[Required work]: All that is wanted is an exact copy of the lines below, starting at the one that contains "Paintball Sturmhaube" and running to the end.

[Data for review]:
Start of Block

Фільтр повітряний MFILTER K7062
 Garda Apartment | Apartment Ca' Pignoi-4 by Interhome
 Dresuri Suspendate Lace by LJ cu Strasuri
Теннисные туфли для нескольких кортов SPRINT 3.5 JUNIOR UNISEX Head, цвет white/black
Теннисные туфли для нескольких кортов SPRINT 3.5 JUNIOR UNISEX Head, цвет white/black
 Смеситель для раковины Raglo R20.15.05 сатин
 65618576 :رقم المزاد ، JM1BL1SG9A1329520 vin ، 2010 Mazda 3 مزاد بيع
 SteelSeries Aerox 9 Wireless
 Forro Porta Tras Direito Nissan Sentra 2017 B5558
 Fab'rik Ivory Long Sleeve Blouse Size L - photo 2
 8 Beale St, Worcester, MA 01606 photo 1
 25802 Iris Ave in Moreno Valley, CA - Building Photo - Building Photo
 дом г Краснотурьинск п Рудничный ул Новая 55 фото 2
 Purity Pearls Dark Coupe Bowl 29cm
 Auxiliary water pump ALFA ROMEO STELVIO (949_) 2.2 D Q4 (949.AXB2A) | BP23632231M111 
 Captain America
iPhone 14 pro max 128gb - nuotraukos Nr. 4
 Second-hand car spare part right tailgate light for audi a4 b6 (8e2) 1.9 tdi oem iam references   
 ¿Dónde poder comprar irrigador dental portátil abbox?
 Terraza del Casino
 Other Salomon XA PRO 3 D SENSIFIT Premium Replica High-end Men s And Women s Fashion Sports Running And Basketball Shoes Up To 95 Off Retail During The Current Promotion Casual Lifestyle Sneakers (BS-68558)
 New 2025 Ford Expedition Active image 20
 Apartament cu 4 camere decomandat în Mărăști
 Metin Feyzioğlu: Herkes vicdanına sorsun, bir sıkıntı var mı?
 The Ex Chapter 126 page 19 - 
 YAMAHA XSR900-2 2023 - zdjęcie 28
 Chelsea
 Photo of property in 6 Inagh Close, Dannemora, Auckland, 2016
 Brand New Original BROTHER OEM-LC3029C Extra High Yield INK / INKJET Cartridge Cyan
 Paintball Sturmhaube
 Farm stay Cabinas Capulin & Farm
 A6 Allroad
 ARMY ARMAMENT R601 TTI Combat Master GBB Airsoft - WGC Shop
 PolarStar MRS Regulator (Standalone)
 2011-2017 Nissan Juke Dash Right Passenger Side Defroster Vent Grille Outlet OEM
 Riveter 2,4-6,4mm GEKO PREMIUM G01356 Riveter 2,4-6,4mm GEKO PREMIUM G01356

End of Block

[Solution]:
 Paintball Sturmhaube
 Farm stay Cabinas Capulin & Farm
 A6 Allroad
 ARMY ARMAMENT R601 TTI Combat Master GBB Airsoft - WGC Shop
 PolarStar MRS Regulator (Standalone)
 2011-2017 Nissan Juke Dash Right Passenger Side Defroster Vent Grille Outlet OEM
 Riveter 2,4-6,4mm GEKO PREMIUM G01356 Riveter 2,4-6,4mm GEKO PREMIUM G01356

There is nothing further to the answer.